Three months ago, the leaders of the Kansas Legislature — particularly Senate President Ty Masterson and House Speaker Dan Hawkins — tried to round up enough Republican members to force a special session to redraw Davids’ district to reduce her chances of reelection in the midterm this November.
It was a special request from President Donald Trump, who’s in danger of losing majority support in one or possibly both houses of Congress due to widespread and growing dissatisfaction with his, shall we say, unique approach to governance.
In the Kansas Legislature, Masterson had enough senators signed on to do the deed and attempt to redistrict Davids into oblivion. But Hawkins wasn’t as successful on the House side.
Though the special session attempt failed, Hawkins punished a handful of Republican lawmakers who balked at the plan — and the arm-twisting has continued under the Capital dome since the Legislature returned to session last month.
So when we asked Davids if she was setting the table to run for the Senate seat currently held by Republican Sen. Roger Marshall, she had this to say:
“I know why you’re asking, because . . . yeah, the redistricting issue is, has been hot button. I think that it is good news for Kansas that at this point, right now, it does appear as though there’s been a temporary pause on that, as far as I know. And I hope that remains the case. Doing a mid-decade redistricting for purely political purposes is not something that Kansans, by and large, agree with. And so, you know, I’ve said that if they move forward with this, all options are on the table.”
I can’t tell you for sure if her statewide tour means Davids is really planning to have a go at Marshall, or if this is her brushback pitch to state Republicans, warning them to leave her current district alone.
I do know that it’s risky business for the Republicans.
They currently hold the U.S. Senate by a 53-47 margin, meaning the Democrats would need to pick up four seats to flip control (Vice President JD Vance breaks ties, so 50-50 wouldn’t be enough).
At present, Cook’s political report rates two GOP Senate seats as “toss-up” and two seats as just “leaning” Republican.
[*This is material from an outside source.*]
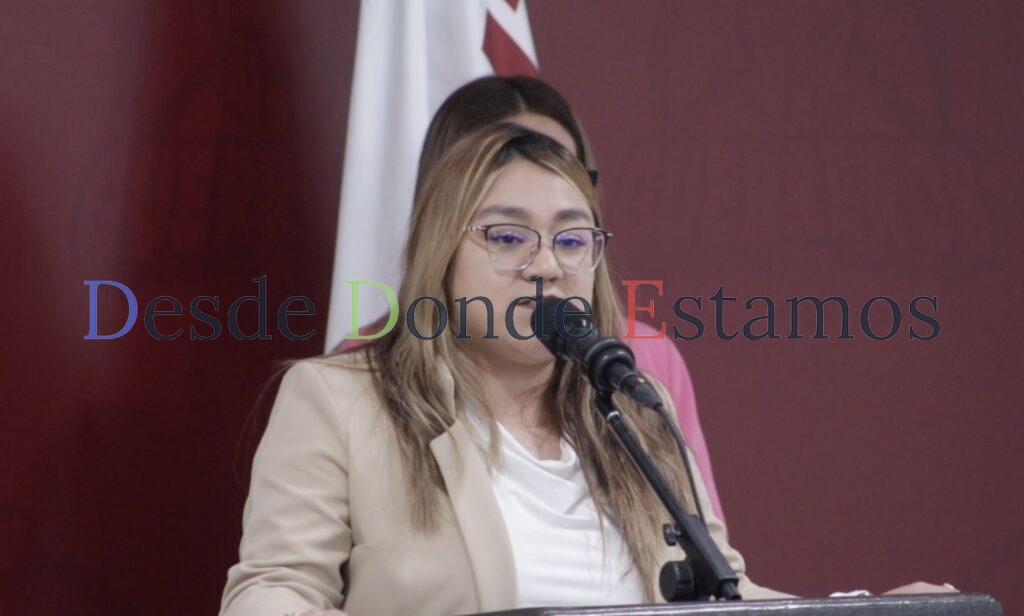 Aplicará USJT segundo examen para aspirantes a sus cuatro licenciaturas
A Davids run at Marshall would put his seat, currently rated “solid R,” in play.
Kansans voters, blue, red and purple, have indicated they kind of like the small but feisty Davids, who first gained attention as a competitor in Mixed Martial Arts fighting.
In the redistricting following the 2020 Census, state lawmakers split half of Kansas City, Kan., off her district and replaced those diverse and largely Democratic voters with a bunch of rural Republicans.
It didn’t work.
She’s won the revised district twice since, 55%-43% in 2022 and 53%-43% in 2024.
Marshall’s been piling up negatives since March, when he bolted on his own town hall in the remote town of Oakley, after a local retiree asked a hard-but-fair question about the effect on veterans of the Trump Administration’s federal job cuts.
He’s been little more than a Trump surrogate since last year’s election, which remains popular on the far right, but is fading fast in the political middle.
Defending ICE has gotten a lot harder after the brutal crackdown in Minneapolis that led to two deaths and the incarceration of a 5-year-old boy in a bunny-ear cap.
Last week, Marshall lamented the 67 victims of the Wichita-to-D.C. plane crash a year ago. He’d probably just as soon you forget that in the days immediately after the tragedy, he parroted and expanded on Trump’s bizarre theory that the cause of the crash was diversity, equity and inclusion.
And there are persistent and growing questions about Marshall’s commitment to the Sunflower State when he owns a $1.2 million McMansion on Gulf of Mexico Drive (oops) in Sarasota, Fla., and claims a one-bedroom cabin near St. John as his official residence for election purposes.
So while I can’t tell you whether Davids is seriously prepping a run for Senate, I can tell you this: forcing her into it could be the biggest mistake the GOP can make in Kansas this election cycle.